In South Africa, the Cup is no game
The country took suggestions that it was behind on World Cup preparations for 2010 as a national insult, saying that such claims undermined its interests.
from the May 15, 2007 edition
Page 3 of 3
"When the Germans built the stadium for the World Cup finals, it took them longer than the time that's left for the South Africans, and remember, this is Germany!" says Tim Cohen, editor of the review section of The Weekender newspaper in Johannesburg.
"So you can understand, FIFA is taking a risk by giving the World Cup to [an African country] for the first time. It's absolutely a major event. Billions are involved," he says.
It's tempting, of course, to view the World Cup as "only a game." But holding a World Cup match in Africa, and particularly in South Africa, has meaning that goes beyond sports.
"If we succeed in organizing this event, we will give ourselves, as Africans, a voice and a face in the global arena, to change the terms of African identity with conflicts in Darfur, with catastrophe, with war," says Achille Mbembe, a professor of history and political science at Witswatersrand University in Johannesburg .
For South Africa, the stakes are even higher, he adds. "This is an opportunity for South Africa to control its identity as a transnational, plural nation, one of the only places on earth where the question of race has been dealt with. This is a chance to celebrate our diversity."
Soccer as national equalizer
In a sports-mad country like South Africa, soccer is one of the few truly level playing fields for blacks and whites.

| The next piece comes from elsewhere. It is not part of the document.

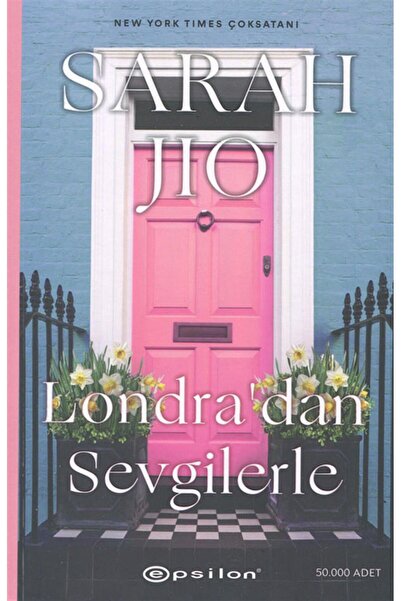Epsilon Yayınevi Londra'dan Sevgilerle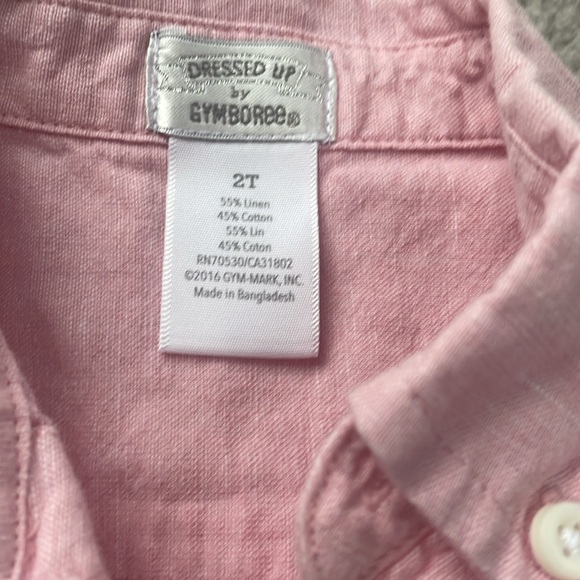 Lot of 5 Toddler Boys Size 2T Button Down Shirts - Picture 11 of 11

Unlike rugby and cricket, which are dominated primarily by white Afrikaners or English-descendants, respectively, soccer is the closest thing to a universal sport.
On soccer fields around the country, whether in leafy private schools or in dusty township playgrounds, boys and girls hone their skills to become like local soccer heroes such as goalkeeper Rowen Fernandez (white), or a top scorer Kaizer Motaung Jr. (black).
Kaizer Motaung Sr., father of Kaizer Jr., and owner of the Soweto-based Kaizer Chiefs – the most successful professional soccer team in South Africa, if not the continent – says that the 2010 World Cup will have a huge effect, both in changing the world's attitude about Africa, and also changing the view of South Africans about themselves.
"South Africa has hosted a lot of major events in the last five years, from the Rugby World Cup to the Cricket World Cup," he says. "This is a chance to educate those who think that South Africa is backward. It can compare with any Western country in the world."